:: DATASET RECORDS ::

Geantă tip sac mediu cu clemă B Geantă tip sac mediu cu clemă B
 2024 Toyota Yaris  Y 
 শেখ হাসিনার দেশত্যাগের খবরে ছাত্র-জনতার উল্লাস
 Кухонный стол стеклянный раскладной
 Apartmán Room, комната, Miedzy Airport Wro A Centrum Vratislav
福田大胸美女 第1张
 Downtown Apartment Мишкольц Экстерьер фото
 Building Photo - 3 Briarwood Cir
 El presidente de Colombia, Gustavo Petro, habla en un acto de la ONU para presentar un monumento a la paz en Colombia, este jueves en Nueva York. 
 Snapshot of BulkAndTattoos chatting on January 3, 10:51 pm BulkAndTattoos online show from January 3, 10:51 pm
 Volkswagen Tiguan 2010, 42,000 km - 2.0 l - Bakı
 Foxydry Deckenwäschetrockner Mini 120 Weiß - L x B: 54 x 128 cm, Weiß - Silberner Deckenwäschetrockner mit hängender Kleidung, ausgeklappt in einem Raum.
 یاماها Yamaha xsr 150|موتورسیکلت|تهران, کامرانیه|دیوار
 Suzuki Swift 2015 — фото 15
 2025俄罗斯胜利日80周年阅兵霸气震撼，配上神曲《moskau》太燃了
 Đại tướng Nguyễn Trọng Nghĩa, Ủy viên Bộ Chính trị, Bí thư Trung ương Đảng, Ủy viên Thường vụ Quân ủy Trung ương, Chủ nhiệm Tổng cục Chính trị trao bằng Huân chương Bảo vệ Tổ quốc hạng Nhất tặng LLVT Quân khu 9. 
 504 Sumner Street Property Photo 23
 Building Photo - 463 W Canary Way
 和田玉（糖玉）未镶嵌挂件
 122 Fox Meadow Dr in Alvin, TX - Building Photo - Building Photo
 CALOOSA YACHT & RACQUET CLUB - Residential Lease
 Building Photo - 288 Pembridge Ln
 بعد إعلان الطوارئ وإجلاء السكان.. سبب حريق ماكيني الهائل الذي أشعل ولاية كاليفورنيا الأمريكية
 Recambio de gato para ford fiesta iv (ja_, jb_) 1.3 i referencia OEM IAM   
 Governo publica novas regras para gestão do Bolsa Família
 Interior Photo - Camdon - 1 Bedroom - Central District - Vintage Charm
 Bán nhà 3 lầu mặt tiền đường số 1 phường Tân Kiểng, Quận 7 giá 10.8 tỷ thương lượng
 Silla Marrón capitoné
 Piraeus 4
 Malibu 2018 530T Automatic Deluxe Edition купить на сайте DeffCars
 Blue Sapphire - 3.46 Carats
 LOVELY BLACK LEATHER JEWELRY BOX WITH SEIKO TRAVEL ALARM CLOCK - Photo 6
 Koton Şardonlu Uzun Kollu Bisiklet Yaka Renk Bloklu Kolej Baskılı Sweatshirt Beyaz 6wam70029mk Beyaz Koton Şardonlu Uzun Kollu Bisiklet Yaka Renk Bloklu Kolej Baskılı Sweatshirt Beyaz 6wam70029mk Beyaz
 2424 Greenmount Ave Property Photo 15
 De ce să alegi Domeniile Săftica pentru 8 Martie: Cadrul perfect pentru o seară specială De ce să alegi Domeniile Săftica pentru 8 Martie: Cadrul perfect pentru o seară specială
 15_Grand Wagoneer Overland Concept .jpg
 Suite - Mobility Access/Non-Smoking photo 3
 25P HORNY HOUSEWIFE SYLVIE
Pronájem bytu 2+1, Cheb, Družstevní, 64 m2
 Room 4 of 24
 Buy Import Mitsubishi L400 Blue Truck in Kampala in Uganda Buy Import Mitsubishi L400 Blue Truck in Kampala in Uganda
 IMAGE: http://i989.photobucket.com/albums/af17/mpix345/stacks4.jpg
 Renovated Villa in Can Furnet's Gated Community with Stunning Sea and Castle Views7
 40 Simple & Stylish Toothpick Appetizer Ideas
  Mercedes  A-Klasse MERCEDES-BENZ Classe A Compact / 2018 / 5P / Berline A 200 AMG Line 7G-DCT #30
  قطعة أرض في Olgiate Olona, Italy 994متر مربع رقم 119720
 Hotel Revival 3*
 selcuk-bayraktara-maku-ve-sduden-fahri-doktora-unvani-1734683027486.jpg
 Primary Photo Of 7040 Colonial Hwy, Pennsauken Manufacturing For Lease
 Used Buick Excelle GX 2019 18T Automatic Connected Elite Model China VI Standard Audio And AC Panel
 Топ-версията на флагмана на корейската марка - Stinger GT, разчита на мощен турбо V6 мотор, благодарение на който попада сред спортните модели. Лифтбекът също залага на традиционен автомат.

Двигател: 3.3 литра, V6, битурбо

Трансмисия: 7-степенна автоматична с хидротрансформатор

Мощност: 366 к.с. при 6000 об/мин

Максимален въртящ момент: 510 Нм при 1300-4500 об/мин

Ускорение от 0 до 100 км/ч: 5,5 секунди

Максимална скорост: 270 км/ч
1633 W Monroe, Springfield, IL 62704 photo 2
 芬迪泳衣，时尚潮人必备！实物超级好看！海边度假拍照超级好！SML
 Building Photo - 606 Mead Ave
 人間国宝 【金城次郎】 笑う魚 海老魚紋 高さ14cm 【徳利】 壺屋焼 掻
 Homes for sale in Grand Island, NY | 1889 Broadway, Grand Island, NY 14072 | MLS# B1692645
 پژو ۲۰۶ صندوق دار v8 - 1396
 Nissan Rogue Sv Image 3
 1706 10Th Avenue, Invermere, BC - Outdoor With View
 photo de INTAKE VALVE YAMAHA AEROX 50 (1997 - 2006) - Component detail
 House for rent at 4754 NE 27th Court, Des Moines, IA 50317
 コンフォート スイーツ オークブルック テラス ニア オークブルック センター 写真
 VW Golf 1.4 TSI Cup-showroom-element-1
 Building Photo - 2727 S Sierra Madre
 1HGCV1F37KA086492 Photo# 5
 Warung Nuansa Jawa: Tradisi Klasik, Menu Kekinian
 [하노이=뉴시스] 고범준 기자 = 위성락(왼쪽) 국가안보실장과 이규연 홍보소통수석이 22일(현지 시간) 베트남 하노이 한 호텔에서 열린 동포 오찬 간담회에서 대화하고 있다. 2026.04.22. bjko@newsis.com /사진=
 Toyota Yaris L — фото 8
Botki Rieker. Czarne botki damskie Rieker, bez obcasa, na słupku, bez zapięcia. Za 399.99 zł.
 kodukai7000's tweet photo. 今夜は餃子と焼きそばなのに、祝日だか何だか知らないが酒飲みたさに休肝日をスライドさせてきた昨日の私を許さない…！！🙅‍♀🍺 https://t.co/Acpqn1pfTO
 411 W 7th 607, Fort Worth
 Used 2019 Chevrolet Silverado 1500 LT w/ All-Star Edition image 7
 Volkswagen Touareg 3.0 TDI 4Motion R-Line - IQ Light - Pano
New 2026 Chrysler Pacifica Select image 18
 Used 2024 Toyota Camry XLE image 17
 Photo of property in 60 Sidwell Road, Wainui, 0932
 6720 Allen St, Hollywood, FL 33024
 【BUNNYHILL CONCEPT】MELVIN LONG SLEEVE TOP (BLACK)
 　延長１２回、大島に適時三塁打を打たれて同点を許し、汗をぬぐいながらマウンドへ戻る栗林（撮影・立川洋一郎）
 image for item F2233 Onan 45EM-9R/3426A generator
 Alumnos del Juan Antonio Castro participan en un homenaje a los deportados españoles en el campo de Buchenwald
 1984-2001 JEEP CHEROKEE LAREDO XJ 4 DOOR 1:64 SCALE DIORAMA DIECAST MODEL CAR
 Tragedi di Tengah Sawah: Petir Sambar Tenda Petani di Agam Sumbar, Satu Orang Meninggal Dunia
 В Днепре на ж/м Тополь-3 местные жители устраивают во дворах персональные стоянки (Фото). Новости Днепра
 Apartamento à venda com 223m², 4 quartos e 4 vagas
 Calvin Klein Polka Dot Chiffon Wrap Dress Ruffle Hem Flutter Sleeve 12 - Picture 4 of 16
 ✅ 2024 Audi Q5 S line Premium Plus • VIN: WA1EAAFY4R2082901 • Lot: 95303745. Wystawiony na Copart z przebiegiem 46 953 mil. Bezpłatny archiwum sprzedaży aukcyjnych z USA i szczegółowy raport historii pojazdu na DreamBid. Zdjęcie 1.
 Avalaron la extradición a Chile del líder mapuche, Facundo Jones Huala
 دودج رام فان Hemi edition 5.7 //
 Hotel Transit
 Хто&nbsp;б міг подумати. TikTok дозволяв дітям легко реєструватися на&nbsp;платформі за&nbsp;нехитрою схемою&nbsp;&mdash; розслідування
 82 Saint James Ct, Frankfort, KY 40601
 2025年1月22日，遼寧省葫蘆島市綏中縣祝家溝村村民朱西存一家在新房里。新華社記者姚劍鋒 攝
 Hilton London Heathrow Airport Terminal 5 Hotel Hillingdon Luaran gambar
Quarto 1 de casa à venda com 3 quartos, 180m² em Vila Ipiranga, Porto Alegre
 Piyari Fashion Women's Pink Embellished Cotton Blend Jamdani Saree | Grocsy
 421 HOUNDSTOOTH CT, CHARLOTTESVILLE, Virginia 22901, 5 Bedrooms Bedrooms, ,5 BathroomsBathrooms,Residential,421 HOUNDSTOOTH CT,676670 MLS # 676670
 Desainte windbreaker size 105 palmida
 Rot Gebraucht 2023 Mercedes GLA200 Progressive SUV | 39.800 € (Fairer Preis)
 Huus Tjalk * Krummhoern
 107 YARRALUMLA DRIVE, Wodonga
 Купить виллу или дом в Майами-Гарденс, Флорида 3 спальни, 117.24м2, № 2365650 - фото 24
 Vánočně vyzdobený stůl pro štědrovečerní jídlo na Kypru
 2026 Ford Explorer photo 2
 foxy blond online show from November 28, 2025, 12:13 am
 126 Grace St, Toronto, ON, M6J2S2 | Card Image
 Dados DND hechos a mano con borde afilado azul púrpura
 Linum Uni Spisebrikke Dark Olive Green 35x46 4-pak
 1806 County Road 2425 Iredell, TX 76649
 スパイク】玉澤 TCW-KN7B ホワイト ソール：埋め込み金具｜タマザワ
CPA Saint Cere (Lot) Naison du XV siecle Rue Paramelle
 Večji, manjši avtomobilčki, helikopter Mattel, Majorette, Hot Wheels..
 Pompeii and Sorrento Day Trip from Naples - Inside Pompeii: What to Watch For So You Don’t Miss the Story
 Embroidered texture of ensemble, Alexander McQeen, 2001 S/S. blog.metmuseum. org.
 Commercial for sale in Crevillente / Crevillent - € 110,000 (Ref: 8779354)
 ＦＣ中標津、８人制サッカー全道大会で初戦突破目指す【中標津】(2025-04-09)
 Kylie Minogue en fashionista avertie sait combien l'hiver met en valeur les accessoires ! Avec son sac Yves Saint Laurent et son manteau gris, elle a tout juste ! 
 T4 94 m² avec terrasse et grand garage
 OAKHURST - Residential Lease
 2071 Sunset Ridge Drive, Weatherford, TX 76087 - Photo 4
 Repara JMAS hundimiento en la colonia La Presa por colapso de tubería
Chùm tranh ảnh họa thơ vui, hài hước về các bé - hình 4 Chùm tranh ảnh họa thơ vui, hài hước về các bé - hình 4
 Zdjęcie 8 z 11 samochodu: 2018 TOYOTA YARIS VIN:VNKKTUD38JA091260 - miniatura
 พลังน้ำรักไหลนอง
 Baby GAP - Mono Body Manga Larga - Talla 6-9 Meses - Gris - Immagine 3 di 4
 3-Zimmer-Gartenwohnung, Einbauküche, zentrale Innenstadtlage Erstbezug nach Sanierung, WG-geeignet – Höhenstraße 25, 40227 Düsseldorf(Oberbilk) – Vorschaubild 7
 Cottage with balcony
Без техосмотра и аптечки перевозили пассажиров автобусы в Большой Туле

:: WORK REQUIRED ::
In the listing above, start at the line with "Silla Marrón capitoné", go on through the line with "LOVELY BLACK LEATHER", and copy each of those lines exactly; leave out all the rest.

:: OUTPUT FOR THIS TASK ::
 Silla Marrón capitoné
 Piraeus 4
 Malibu 2018 530T Automatic Deluxe Edition купить на сайте DeffCars
 Blue Sapphire - 3.46 Carats
 LOVELY BLACK LEATHER JEWELRY BOX WITH SEIKO TRAVEL ALARM CLOCK - Photo 6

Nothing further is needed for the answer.